This repository hosts scripts used to generate and analyze the shared polymorphism dataset of Daphnia species.
Connor S. Murray
Email: csm6hg@virginia.edu
This directory contains the primary figures along with data and scripts used for plotting.
This directory contains supplemental figures, tables, data, and associated scripts.
This section includes the pipeline for generating Variant Call Format (VCF) files:
-
VCF Creation:
- Downloading short-read Illumina FASTQ files.
- Mapping to the European Daphnia pulex genome (D84A; GenBank assembly: GCA_023526725.1).

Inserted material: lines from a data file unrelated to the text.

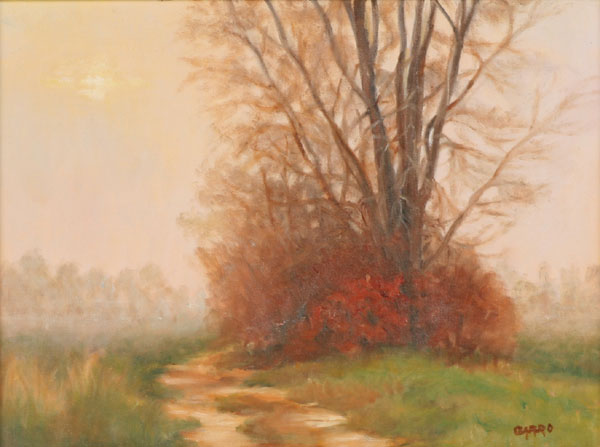 Appraisal: Jean Garro American b Morning Mist oil on canvas signed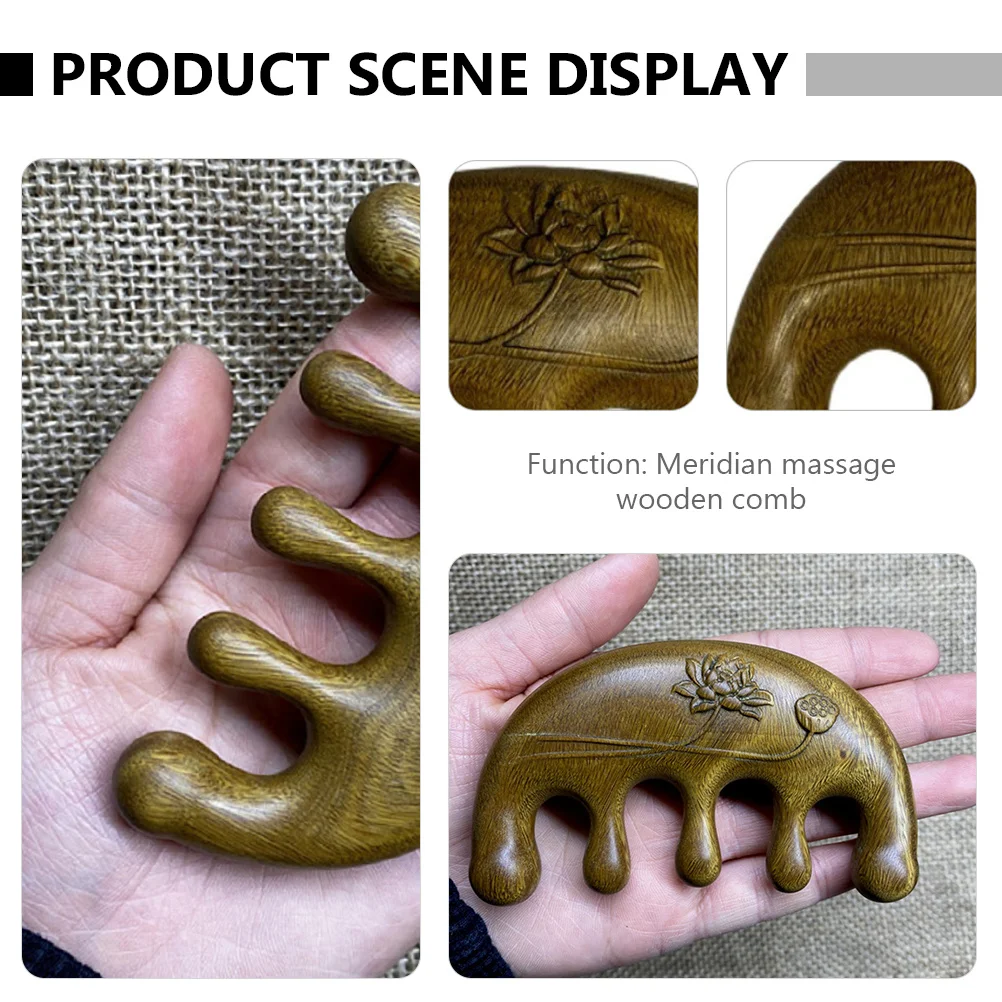 

Расческа из сандалового дерева с широкими зубьями, массажный массажер для ухода за волосами, антистатический массажер для кожи головы, инструмент для релаксации, стимулятор здоровых волос, кожи головы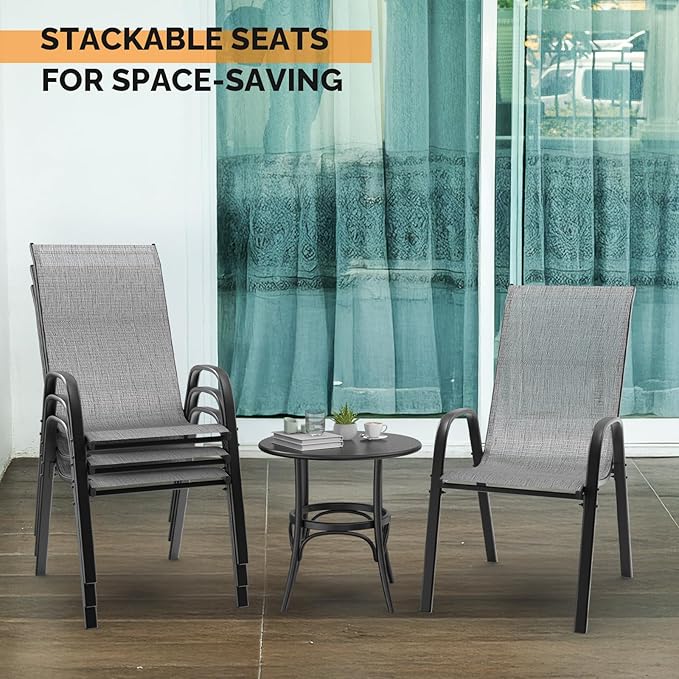VINGLI Patio Chairs Set of 2 – Stackable Outdoor Dining Chairs - Image 5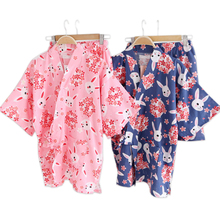 Kawaii sakura кроличье кимоно Халаты Женские Шорты пижамные наборы летние 100% хлопковые японские шорты юката халаты для сна 2024 - купить недорого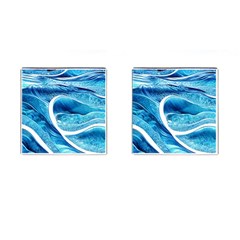 Blue Wave Cufflinks (square) by GardenOfOphir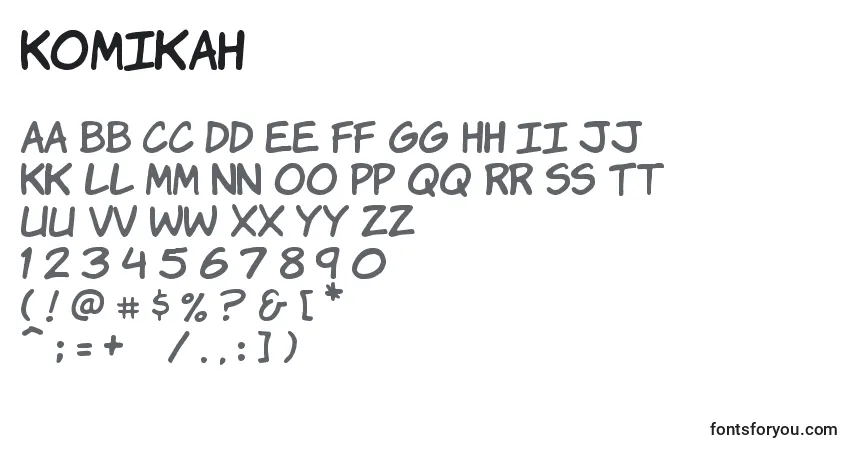 Шрифт Komikah – алфавит, цифры, специальные символы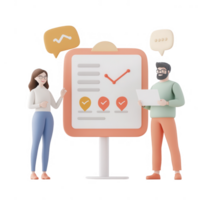 Two professionals discussing a growth chart on a digital presentation board. png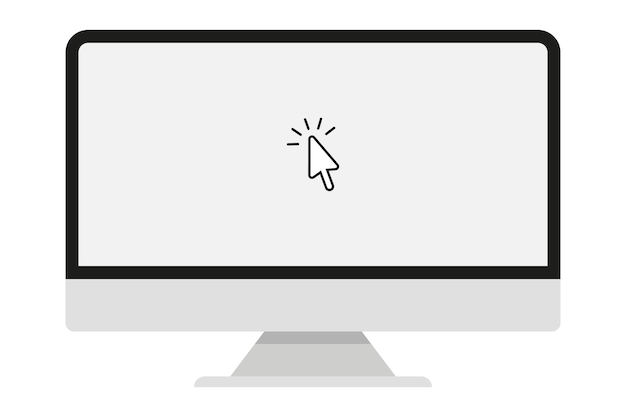 Vector computer screen with arrow cursor. vector illustration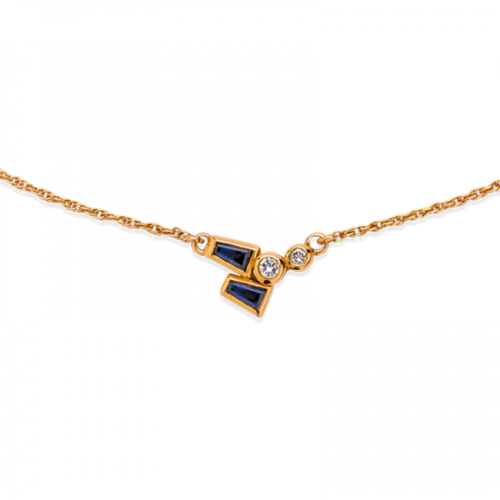Gouttelette pendentif diamants saphirs zoom De Gralie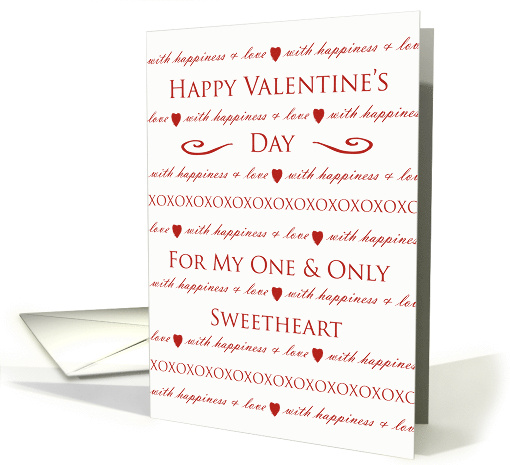 Valentine's Day for Sweetheart with Love Poem card (896870)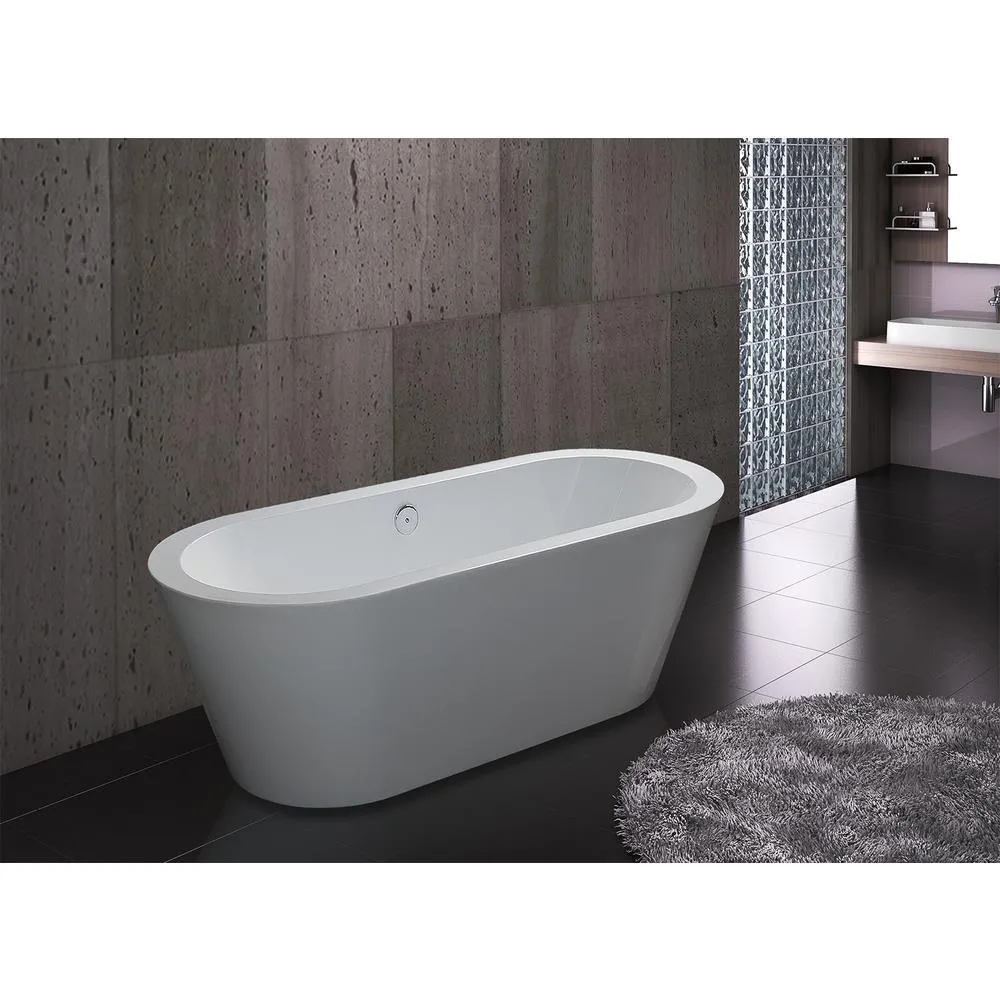 70.8 in. Acrylic Pop Up Drain Oval Double Ended Flatbottom Freestanding Bathtub in White, photo 2 of 9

- BAM generation and merging.
- SNP calling using HaplotypeCaller and GATK.
- VCF and genomic data structure (GDS) generation.
-
VCF Filtration:
- Filtering to benchmark universal single-copy ortholog (BUSCO) genes.
- Multi-locus genotype (MLG) classification.
- SNP filtering based on recommendations for species lacking reference SNP panels.
-
Quality Control:
- Assessing missingness, quality scores, and coverage.
- MultiQC on BAMs.
-
Read-Based Phasing:
- WhatsHap phasing of samples and phased VCF creation.
-
LiftOver:
- Lifting over the European and North American Daphnia pulex genomes (KAP4; GenBank assembly: GCF_021134715.1).
- Repeat masking, single-copy orthologous genes, and genotype concordance.
To improve reproducibility and ease of deployment, we have added an Apptainer container that includes the necessary dependencies for running R and Python scripts in this repository.
If you do not have Apptainer installed, follow these steps to install it:
-
Install dependencies:
sudo apt-get update sudo apt-get install -y build-essential libseccomp-dev pkg-config squashfs-tools cryptsetup
-
Download and install Go:
wget https://dl.google.com/go/go1.16.5.linux-amd64.tar.gz sudo tar -C /usr/local -xzf go1.16.5.linux-amd64.tar.gz export PATH=$PATH:/usr/local/go/bin
-
Download the Apptainer source code:
git clone https://github.com/apptainer/apptainer.git cd apptainer
-
Compile and install Apptainer:
./mconfig make -C builddir sudo make -C builddir install
-
Clone this repository to your local machine:
git clone https://github.com/connor122721/SharedPolymorphismsDaphnia.git cd SharedPolymorphismsDaphnia
-
Build the Apptainer image:
apptainer build daphnia-container.sif Apptainer.def
- Start the container:
apptainer exec daphnia-container.sif R
- I would really love to make the feature of identifying trans-specific polymorphisms a package in R or as a standalone software. I am currently editing this feature so it is more user-friendly, but I would appreciate any collaboration or tips!
This project is licensed under the MIT License.